何の前触れもなく月の裏側へ通信を繋げ、さらに常人には即座に理解できない事を命令口調で言い放ったギルガメッシュ。
しかし言われた当の本人である魔王ゼロはその意味するところをすぐに了解していた。

「仮面ライダーである火野映司への当て擦り、というわけか。
構わないが…聖杯戦争で破壊された生命の蘇生は表側で行えば流石にムーンセルに異常を気取られるのでやるなら一度裏側に来てもらう必要がある。
君の欲するものはそこで用意しておく」
『任せたぞ』

上機嫌にそれだけを告げるとギルガメッシュは一方的に通信を切った。
傍若無人、その単語がこれほど当て嵌る男はそういないだろうが人類最古の王ともなれば納得できるものがある。
ゼロもかつて人であった頃は王族の一人であったため、英雄王が誰かに心から靡くことなど有り得ないと初対面の時から見抜いていた。
少々労力を払うだけで自我の権化のようなサーヴァントの暴走を抑制できるのなら安いものである。





「ここにいたか」

ゼロへの注文も自分を協力させるなら当然の貢ぎ物としか考えない男、ギルガメッシュはゼロが用意していた特殊な回廊を利用し月の裏側へと赴いた。
月の裏側にある旧校舎、そのグラウンドの隅で蘇生を受けた、元はディケイドの力の一部である無双龍ドラグレッダーへと何の警戒もなく歩み寄る。
ギルガメッシュの姿は戦闘時の黄金の鎧を着込んだものではなく、かといって何故か彼の蔵の中に入っていた当世風の服でもない。
くすんだ灰色を基調とした騎士風の全身鎧、されどその全身からはとめどなく黄金の気(オーラ)が滲み出ている。
これはギルガメッシュの蔵、“王の財宝(ゲートオブバビロン)”に新たに収まった財宝の一つ、仮面ライダー龍騎のライダーデッキ、より厳密には契約モンスターの力を得る前の原型、ブランク体である。
通常ブランク体のライダーではミラーモンスターには太刀打ちできるものではないのだが、ギルガメッシュは目の前の強豪モンスターの一角であるドラグレッダーを完全に見下した態度でいた。

「あの破壊者の手駒だっただけあってそれなりの面構えよな」

ドラグレッダーは動かない、否、動くことができない。例えブランク体であろうと決して逆らってはならない黄金の王の威圧感を本能で感じ、戦う前から既に屈服していた。
事実としてギルガメッシュが宝剣の数本でも投じればそれで赤竜は再び電子の海の藻屑と消えるだろう。
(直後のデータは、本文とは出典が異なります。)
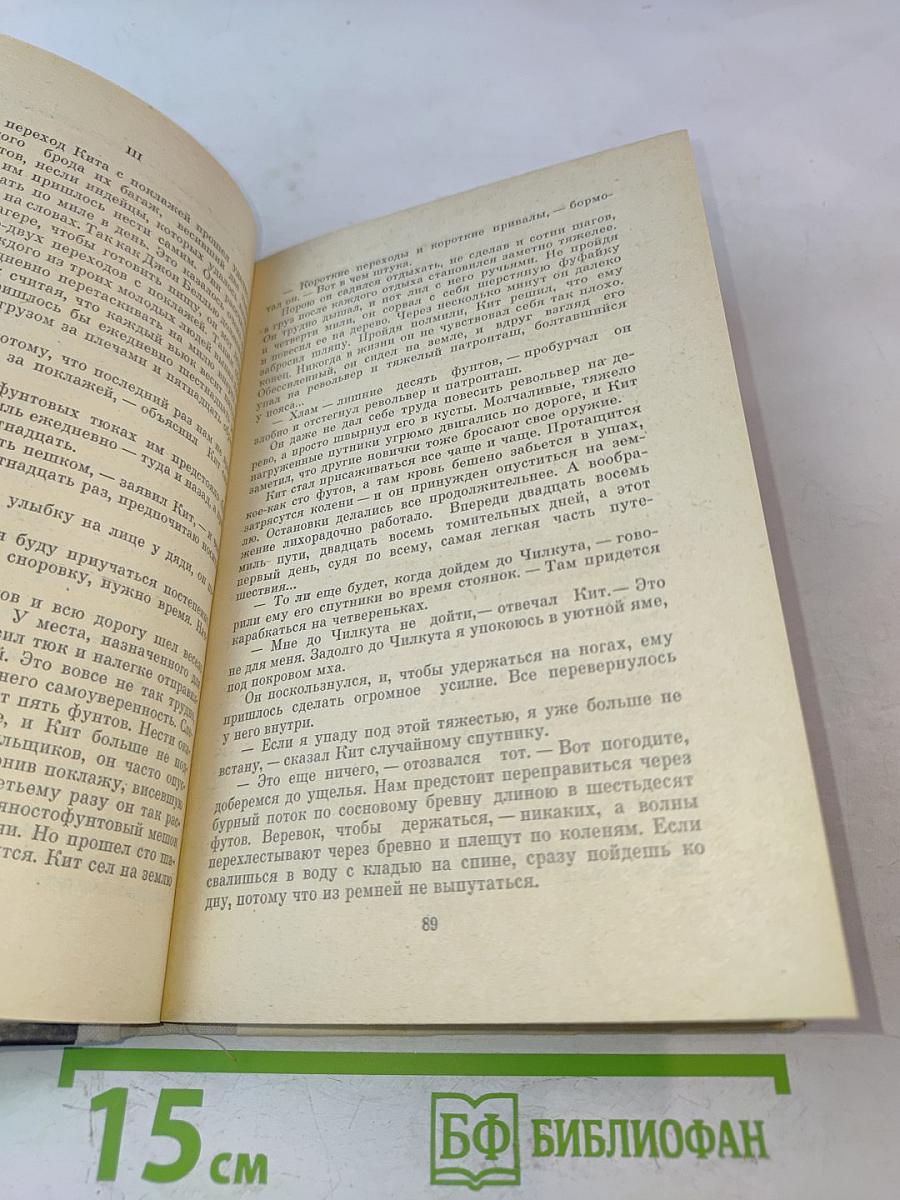 Любовь к жизни. Рассказы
ギルガメッシュが悠然と蔵から取り出したコントラクトカードを使用、呆気なくドラグレッダーとの間にあまりにも一方的な契約関係が成立した。
同時にくすんだ灰色だった龍騎の全身が血が通ったような、赤と銀に変化し、本来の仮面ライダー龍騎へと変貌した。
参加者との決戦を前に新たな財を手に入れたギルガメッシュは上機嫌に蔵から新たにアドベントカードを取り出した。



そのカードの名はサバイブ・烈火。完全な龍騎となったギルガメッシュが手にすると同時に周囲を炎が渦巻いた。
かつて龍騎の世界を通りすがっただけの門矢士は知る由もないことだが、その世界で仮面ライダーナイトによって倒された仮面ライダーオーディンはサバイブ・無限の力を常に発現させていた。
故に、同じ世界にサバイブ・烈火が存在する、ないしその先の未来で人の手によって作られることは歴史の必然なのである。
であればギルガメッシュの宝物庫に収められているのもまた必然だ。



―――そして今ここに仮面ライダー龍騎がより強大な力を得て蘇る。


サバイブカードに呼応して変形したドラグバイザーツバイにカードを装填(ベントイン)。
顕現したのは身体の随所に金縁が入り、大きく盛り上がった肩部が見る者により力強い印象を与える龍騎の最強フォーム、仮面ライダー龍騎サバイブ。
奇しくも冷気を操る恐竜を模したオーズのプトティラコンボとは対を成す存在である。



「恐竜の仮面ライダーを叩き潰すのであれば同じ仮面ライダーの竜種だな」

満足そうに呟いたギルガメッシュは早々に変身を解き元の姿に戻った。
彼自身非常に珍しいことではあるが、ギルガメッシュは来る対主催の面々との対決に際して綿密なシミュレートを行なっている。
別段龍騎がなくとも現状で完全な勝算があるが、無いよりはある方が戦力が増すのも事実ではある。
この段まで勝ち上がった英雄を相手に慢心は残せどもあからさまな油断を見せるほどギルガメッシュは愚かではない。
彼らが更なる限界を超えた力を発揮すること自体も想定に加えている。

龍騎への変身や能力の行使には魔力が必要らしく、変身中は通常形態で二割、サバイブ形態で三割ほど射出できる武具の数が減る。
王の財宝もまた魔力を用いて武装を取り出し射出する都合上避けられない点ではある。………ただし、そのまま扱えば、の話であるが。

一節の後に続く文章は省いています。